> [INPUT FOR THIS TASK]
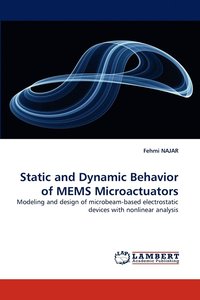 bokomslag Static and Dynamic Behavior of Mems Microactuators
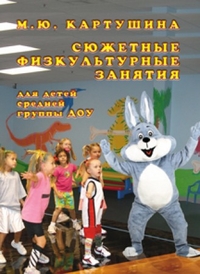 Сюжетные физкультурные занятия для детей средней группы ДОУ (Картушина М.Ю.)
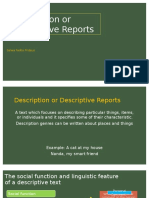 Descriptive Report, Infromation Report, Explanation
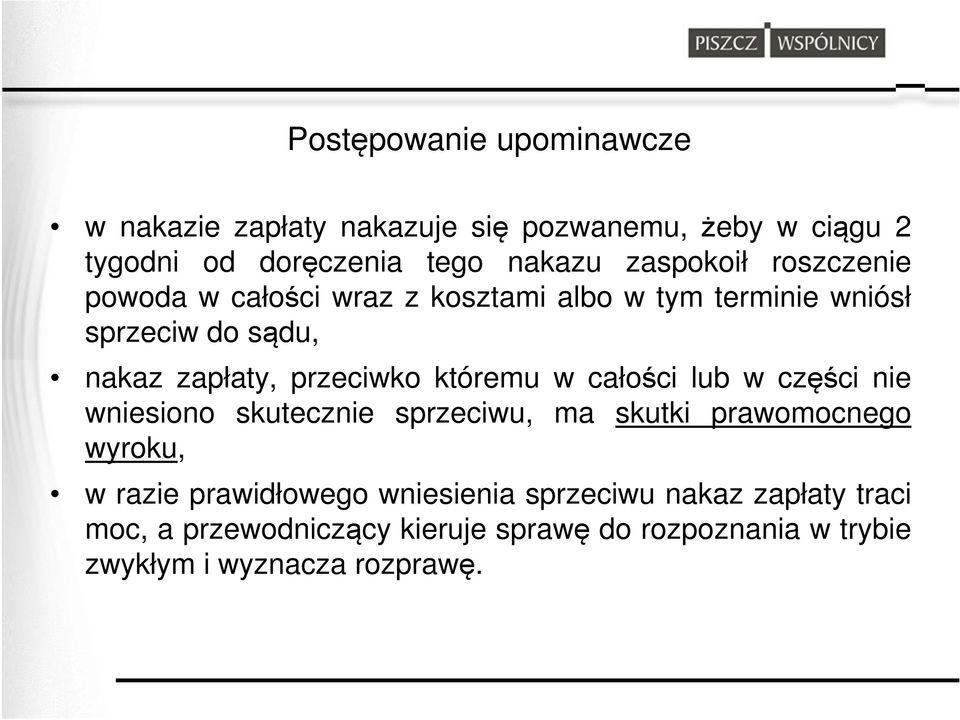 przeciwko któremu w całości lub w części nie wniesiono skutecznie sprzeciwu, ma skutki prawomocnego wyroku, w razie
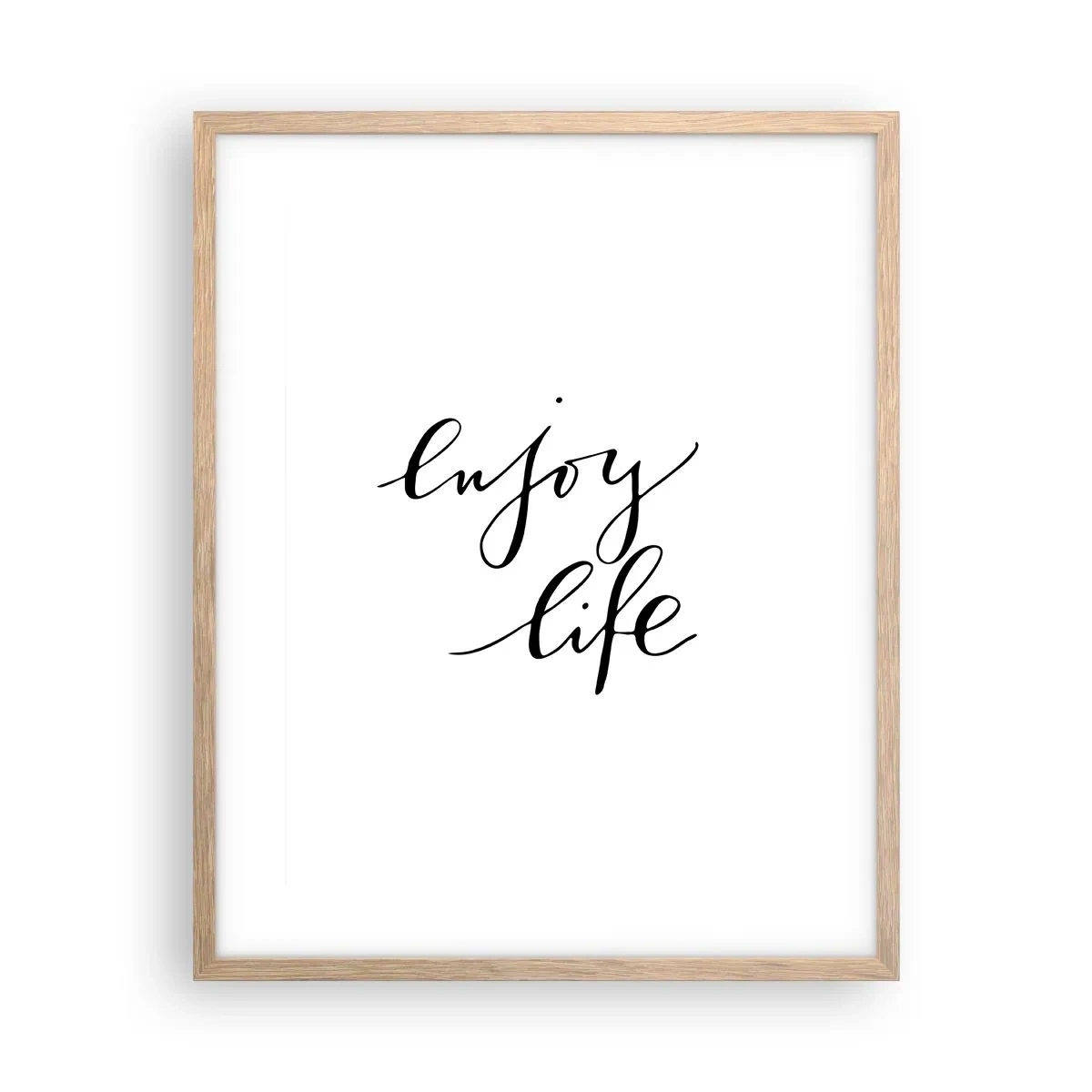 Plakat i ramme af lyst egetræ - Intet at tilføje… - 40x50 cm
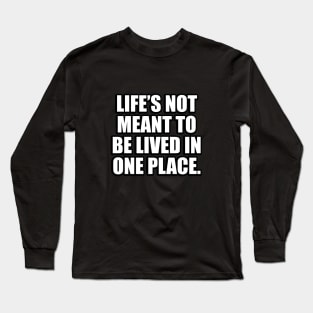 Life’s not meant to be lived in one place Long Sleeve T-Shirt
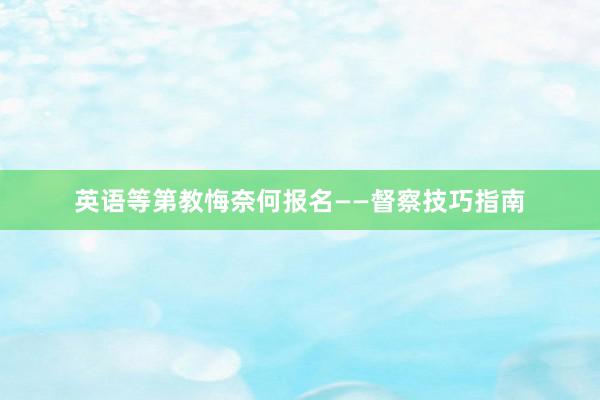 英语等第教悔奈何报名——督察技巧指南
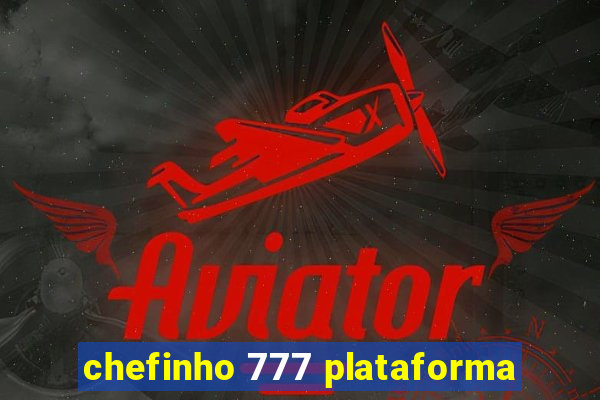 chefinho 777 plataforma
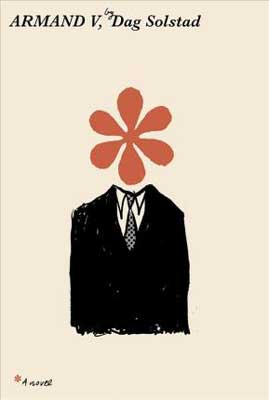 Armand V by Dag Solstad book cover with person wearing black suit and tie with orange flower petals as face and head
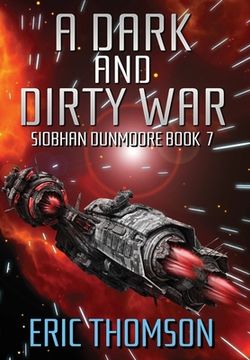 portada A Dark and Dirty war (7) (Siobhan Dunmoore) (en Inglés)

> [WHAT IS BEING ASKED]
Keep each line of the records exactly as it is while transcribing them, but leave the images behind.

> [SOLUTION]
 bokomslag Static and Dynamic Behavior of Mems Microactuators
 Сюжетные физкультурные занятия для детей средней группы ДОУ (Картушина М.Ю.)
 Descriptive Report, Infromation Report, Explanation
 przeciwko któremu w całości lub w części nie wniesiono skutecznie sprzeciwu, ma skutki prawomocnego wyroku, w razie
 Plakat i ramme af lyst egetræ - Intet at tilføje… - 40x50 cm
 Life’s not meant to be lived in one place Long Sleeve T-Shirt
 英语等第教悔奈何报名——督察技巧指南
 chefinho 777 plataforma
 Armand V by Dag Solstad book cover with person wearing black suit and tie with orange flower petals as face and head
 portada A Dark and Dirty war (7) (Siobhan Dunmoore) (en Inglés)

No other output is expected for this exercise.